[[ Source information open ]]

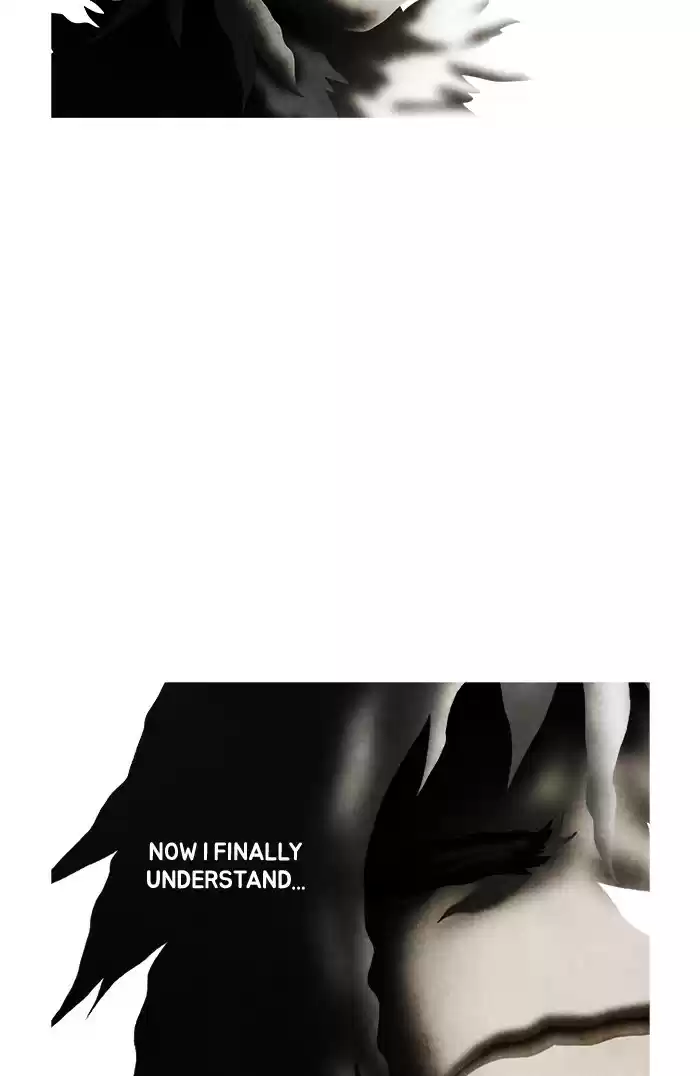 Guardians Of The Video Game Chapter 216: Ep. 215 - A Heart To Heart Talk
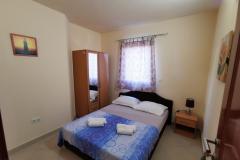 Villa GABI Apartmán 3 – A1 foto 4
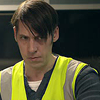 the_urban_tiger: Whitechapel (Don't even fucking talk to me)
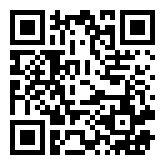 https://www.baohetangyaoye.com.cn/84800.html
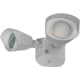 A thumbnail of the Nuvo Lighting 65/210 White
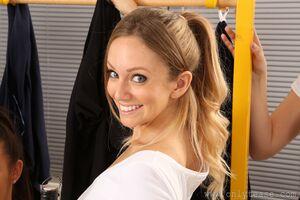 Original 5616 px/ 3744 px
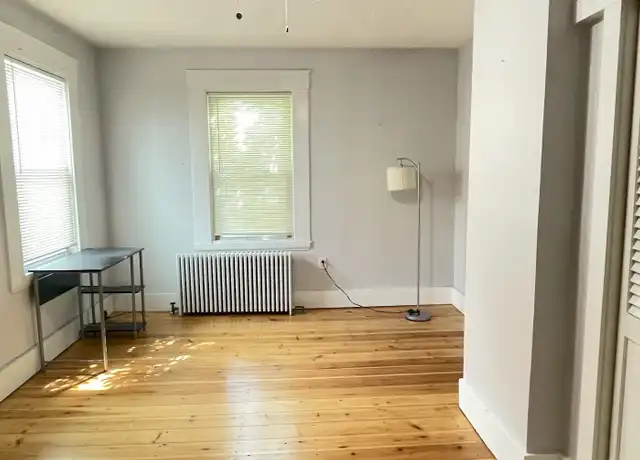 Property at 340 Broadway Rm _Only, Cambridge, MA, 02139, 1 bed, 1 bath, [object Object]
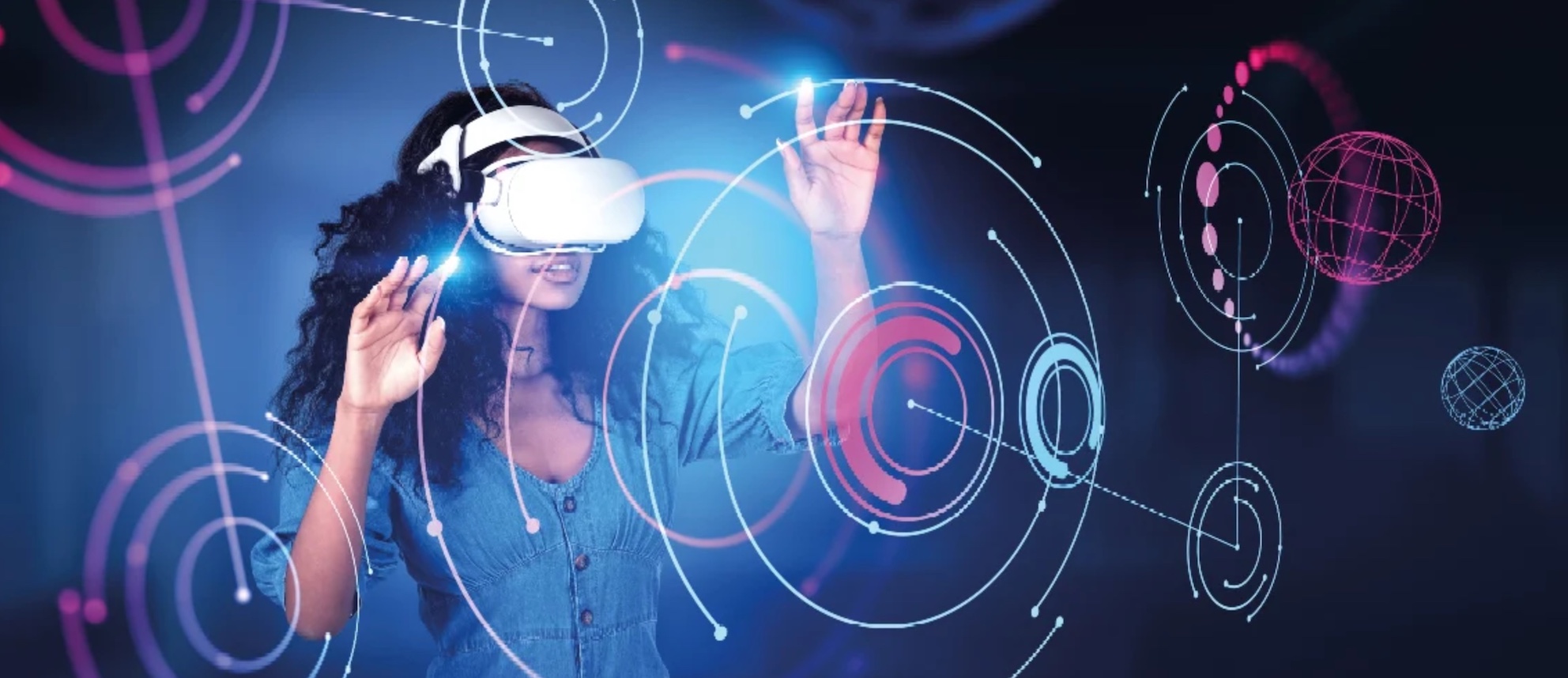 DIGITÁLNÍ INOVACE NA IDS 2025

[[ Source information closed ]]

## Try it
Only lines from the one holding "Property at 340" through the last line of the entries above are wanted, both ends included, each retyped exactly; no pictures.

## Result of this exercise
 Property at 340 Broadway Rm _Only, Cambridge, MA, 02139, 1 bed, 1 bath, [object Object]
 DIGITÁLNÍ INOVACE NA IDS 2025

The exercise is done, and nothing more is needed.